Since the Merger, we have recorded goodwill impairment charges totaling $12.170 billion; including $4.1 billion recorded in 2010 and $8.070 billion recorded largely in 2008. The total impairment charges represented aproximately 67% of the goodwill balance resulting from purchase accounting for the Merger. The impairment in 2010 reflected the estimated effect of lower wholesale power prices in ERCOT on the enterprise value of EFCH, driven by the sustained decline in forward natural gas prices. The impairment in 2008 primarily arose from the dislocation in the capital markets that increased interest rate spreads and the resulting discount rates used in estimating fair values and the effect of declines in market values of debt and equity securities of comparable companies in the second half of 2008.

See Note 4 to Financial Statements for additional discussion.

Derivative Instruments and Mark-to-Market Accounting

We enter into contracts for the purchase and sale of energy-related commodities, and also enter into other derivative instruments such as options, swaps, futures and forwards primarily to manage commodity price and interest rate risks. Under accounting standards related to derivative instruments and hedging activities, these instruments are subject to mark-to-market accounting, and the determination of market values for these instruments is based on numerous assumptions and estimation techniques.

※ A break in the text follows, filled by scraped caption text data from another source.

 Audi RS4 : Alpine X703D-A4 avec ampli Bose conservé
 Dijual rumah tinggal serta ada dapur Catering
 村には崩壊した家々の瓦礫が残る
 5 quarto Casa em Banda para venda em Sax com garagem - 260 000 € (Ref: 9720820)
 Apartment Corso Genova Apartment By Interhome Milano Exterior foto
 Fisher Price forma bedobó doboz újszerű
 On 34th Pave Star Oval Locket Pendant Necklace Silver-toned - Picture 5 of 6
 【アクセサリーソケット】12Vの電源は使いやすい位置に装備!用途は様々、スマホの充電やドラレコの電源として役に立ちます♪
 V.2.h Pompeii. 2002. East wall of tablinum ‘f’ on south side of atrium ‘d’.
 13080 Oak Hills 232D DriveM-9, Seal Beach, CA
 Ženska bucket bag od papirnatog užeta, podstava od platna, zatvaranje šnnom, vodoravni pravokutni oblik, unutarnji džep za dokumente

Mark-to-market accounting recognizes changes in the fair value of derivative instruments in the financial statements as market prices change. Such changes in fair value are accounted for as unrealized mark-to-market gains and losses in net income with an offset to derivative assets and liabilities. The availability of quoted market prices in energy markets is dependent on the type of commodity (e.g., natural gas, electricity, etc.), time period specified and delivery point. In computing fair value for derivatives, each forward pricing curve is separated into liquid and illiquid periods. The liquid period varies by delivery point and commodity. Generally, the liquid period is supported by exchange markets, broker quotes and frequent trading activity. For illiquid periods, fair value is estimated based on forward price curves developed using modeling techniques that take into account available market information and other inputs that might not be readily observable in the market. We estimate fair value as described in Note 12 to Financial Statements and discussed under “Fair Value Measurements” below.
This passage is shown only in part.